* [Problem to solve]: Your output should be the listing itself, repeated exactly.

* [Material for the task]:
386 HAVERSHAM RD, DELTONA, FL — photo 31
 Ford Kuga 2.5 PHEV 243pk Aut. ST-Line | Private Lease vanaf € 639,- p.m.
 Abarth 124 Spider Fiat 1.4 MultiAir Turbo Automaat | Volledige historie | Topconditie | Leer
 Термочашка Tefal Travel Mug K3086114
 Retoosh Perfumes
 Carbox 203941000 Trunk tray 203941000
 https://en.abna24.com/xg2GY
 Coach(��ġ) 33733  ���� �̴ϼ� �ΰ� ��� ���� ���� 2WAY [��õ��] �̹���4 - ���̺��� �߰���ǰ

* [Reply]:
386 HAVERSHAM RD, DELTONA, FL — photo 31
 Ford Kuga 2.5 PHEV 243pk Aut. ST-Line | Private Lease vanaf € 639,- p.m.
 Abarth 124 Spider Fiat 1.4 MultiAir Turbo Automaat | Volledige historie | Topconditie | Leer
 Термочашка Tefal Travel Mug K3086114
 Retoosh Perfumes
 Carbox 203941000 Trunk tray 203941000
 https://en.abna24.com/xg2GY
 Coach(��ġ) 33733  ���� �̴ϼ� �ΰ� ��� ���� ���� 2WAY [��õ��] �̹���4 - ���̺��� �߰���ǰ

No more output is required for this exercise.